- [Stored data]
################

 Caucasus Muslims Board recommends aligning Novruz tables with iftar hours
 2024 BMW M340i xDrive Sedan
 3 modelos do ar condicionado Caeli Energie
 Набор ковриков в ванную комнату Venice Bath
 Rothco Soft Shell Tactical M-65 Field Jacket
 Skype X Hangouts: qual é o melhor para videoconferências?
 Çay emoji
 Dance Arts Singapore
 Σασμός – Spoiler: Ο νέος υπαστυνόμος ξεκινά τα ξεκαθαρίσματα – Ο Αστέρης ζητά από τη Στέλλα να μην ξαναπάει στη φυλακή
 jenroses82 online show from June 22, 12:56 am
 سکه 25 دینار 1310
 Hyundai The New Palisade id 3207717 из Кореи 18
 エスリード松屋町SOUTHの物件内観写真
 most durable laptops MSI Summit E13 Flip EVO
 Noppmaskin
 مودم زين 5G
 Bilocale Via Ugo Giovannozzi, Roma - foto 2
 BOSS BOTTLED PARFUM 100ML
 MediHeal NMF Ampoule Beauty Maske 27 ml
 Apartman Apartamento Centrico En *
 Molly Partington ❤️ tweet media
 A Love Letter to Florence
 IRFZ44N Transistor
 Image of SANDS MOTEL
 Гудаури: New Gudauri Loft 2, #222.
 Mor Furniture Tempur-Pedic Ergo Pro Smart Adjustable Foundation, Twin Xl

################

- [Work to complete]
Please output an exact copy of the lines above, from the opening line of the data down to the line that contains "Σασμός – Spoiler: Ο".

- [Solution]
 Caucasus Muslims Board recommends aligning Novruz tables with iftar hours
 2024 BMW M340i xDrive Sedan
 3 modelos do ar condicionado Caeli Energie
 Набор ковриков в ванную комнату Venice Bath
 Rothco Soft Shell Tactical M-65 Field Jacket
 Skype X Hangouts: qual é o melhor para videoconferências?
 Çay emoji
 Dance Arts Singapore
 Σασμός – Spoiler: Ο νέος υπαστυνόμος ξεκινά τα ξεκαθαρίσματα – Ο Αστέρης ζητά από τη Στέλλα να μην ξαναπάει στη φυλακή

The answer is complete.